• **Action item**
From the material below, retype exactly the lines that begin at the line with "Villa Fig Спліт Екстер'єр фото" and end after the line with "Rieker 03354-24 Brown"; pictures stay out of the copy.

• **Records provided**
☆ ☆ ☆ ☆ ☆ ☆ ☆

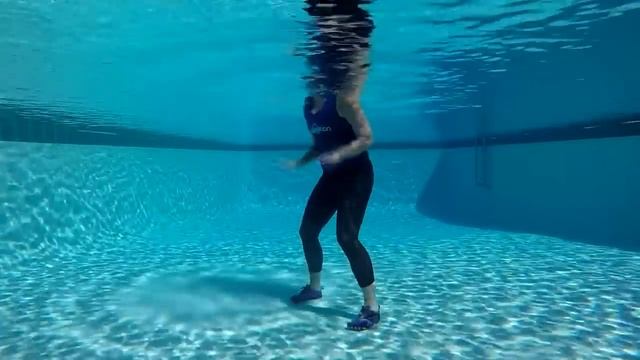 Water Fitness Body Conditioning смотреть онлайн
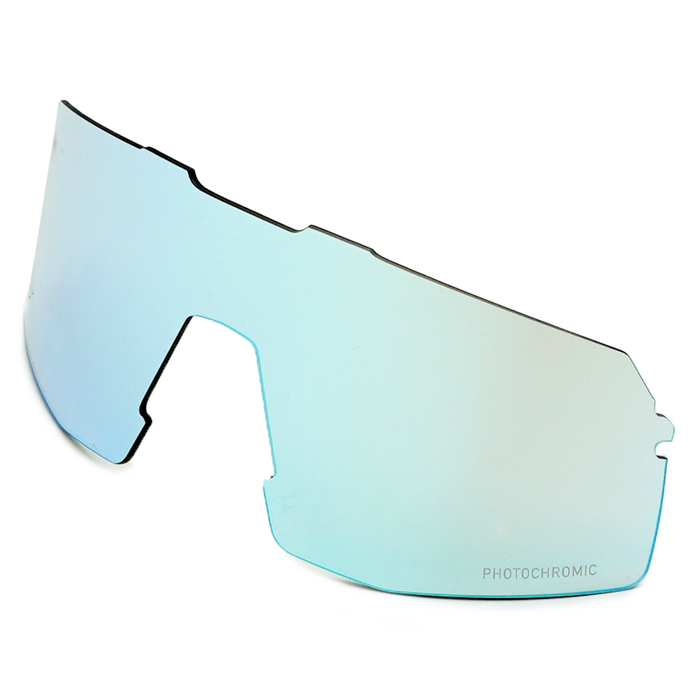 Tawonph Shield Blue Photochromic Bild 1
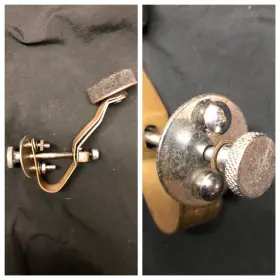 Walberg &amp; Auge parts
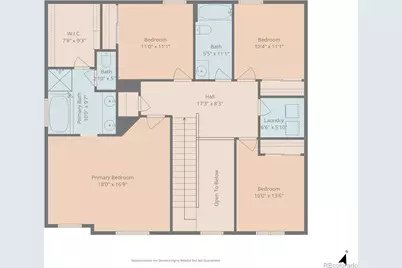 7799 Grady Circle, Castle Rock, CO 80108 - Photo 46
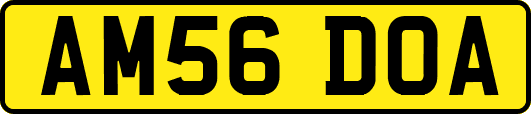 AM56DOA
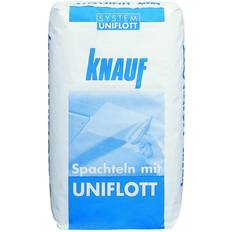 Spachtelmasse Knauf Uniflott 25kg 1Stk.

☆ ☆ ☆ ☆ ☆ ☆ ☆

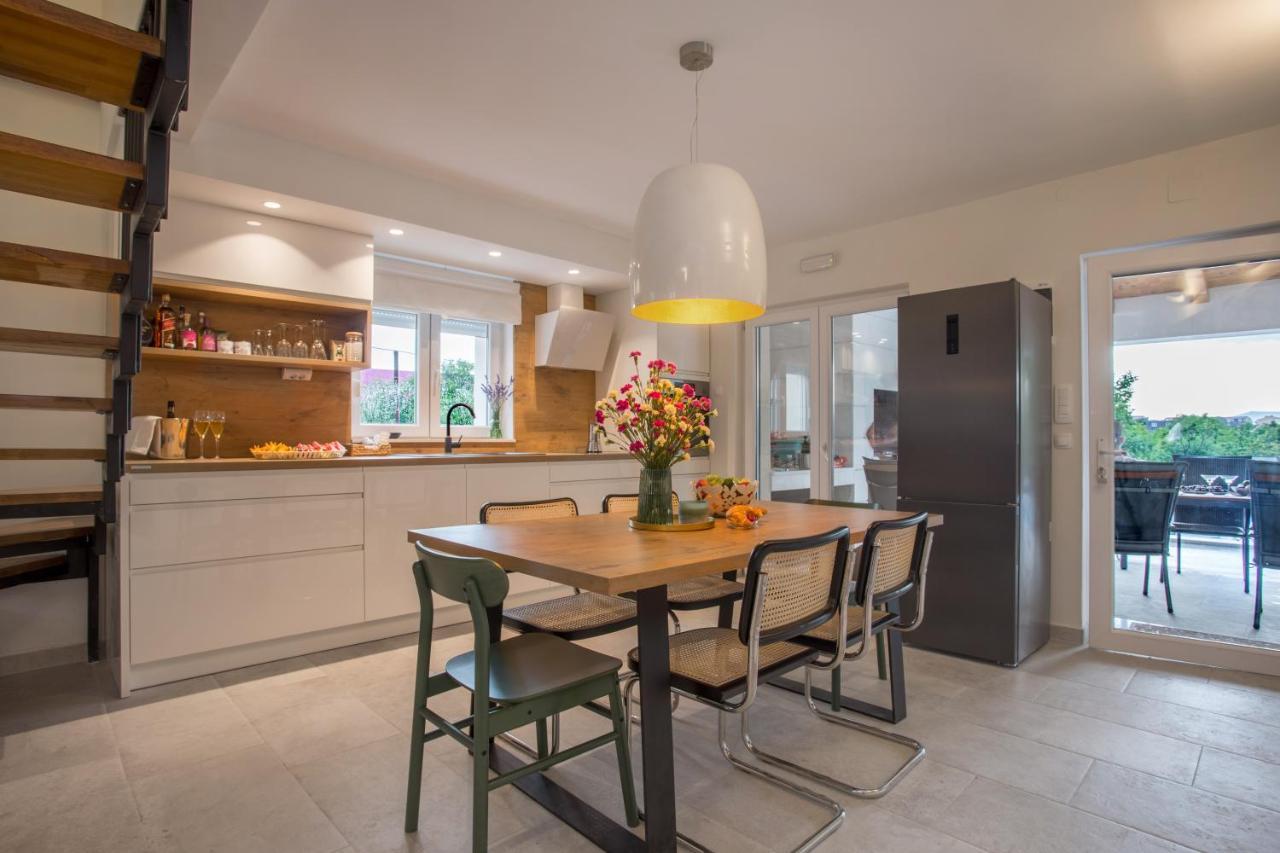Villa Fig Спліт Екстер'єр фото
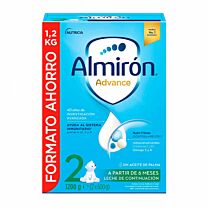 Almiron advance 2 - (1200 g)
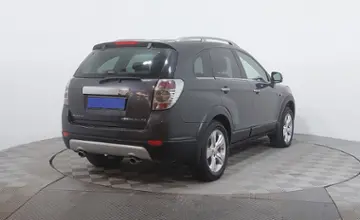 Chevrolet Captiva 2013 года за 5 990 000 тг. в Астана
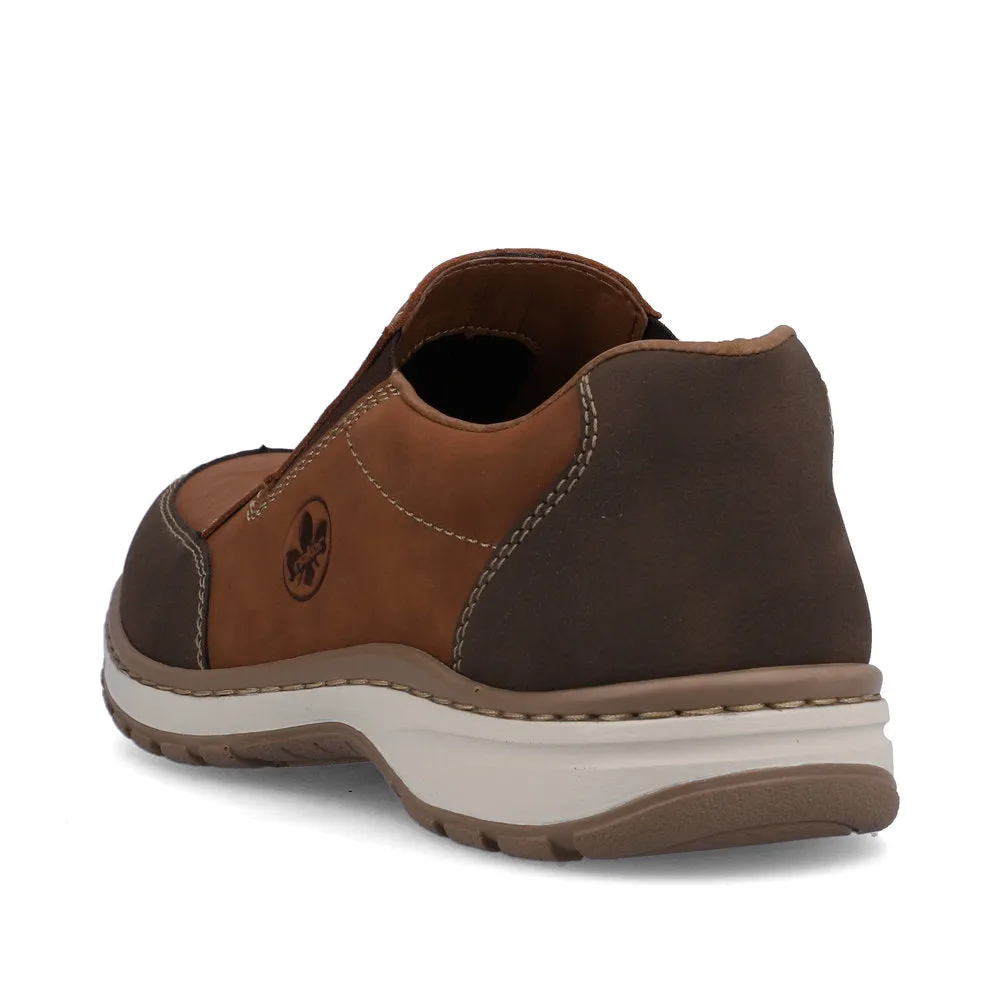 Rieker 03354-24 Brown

☆ ☆ ☆ ☆ ☆ ☆ ☆

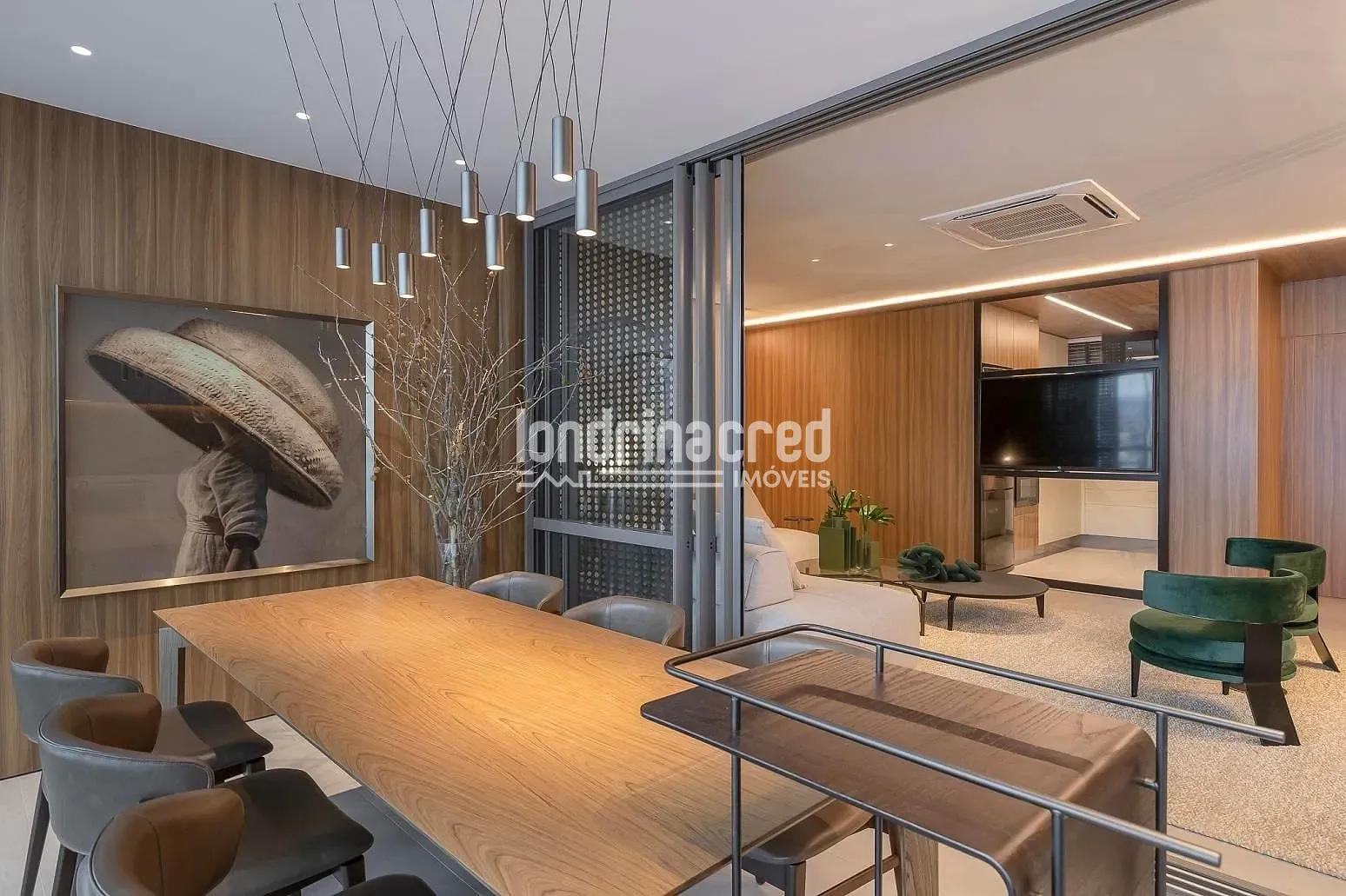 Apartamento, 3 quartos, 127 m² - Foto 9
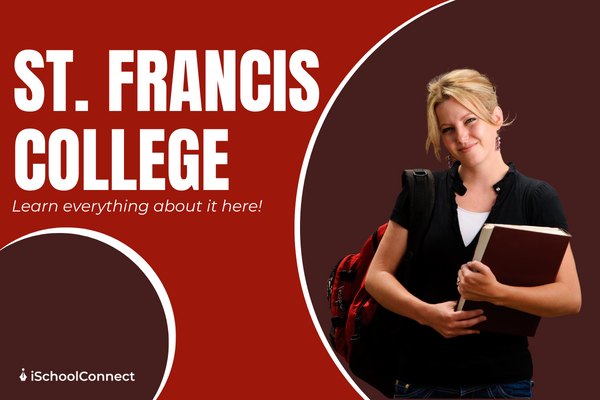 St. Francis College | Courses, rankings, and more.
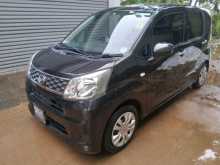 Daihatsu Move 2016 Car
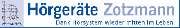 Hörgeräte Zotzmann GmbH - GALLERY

☆ ☆ ☆ ☆ ☆ ☆ ☆

• **Output for this task**
Villa Fig Спліт Екстер'єр фото
 Almiron advance 2 - (1200 g)
 Chevrolet Captiva 2013 года за 5 990 000 тг. в Астана
 Rieker 03354-24 Brown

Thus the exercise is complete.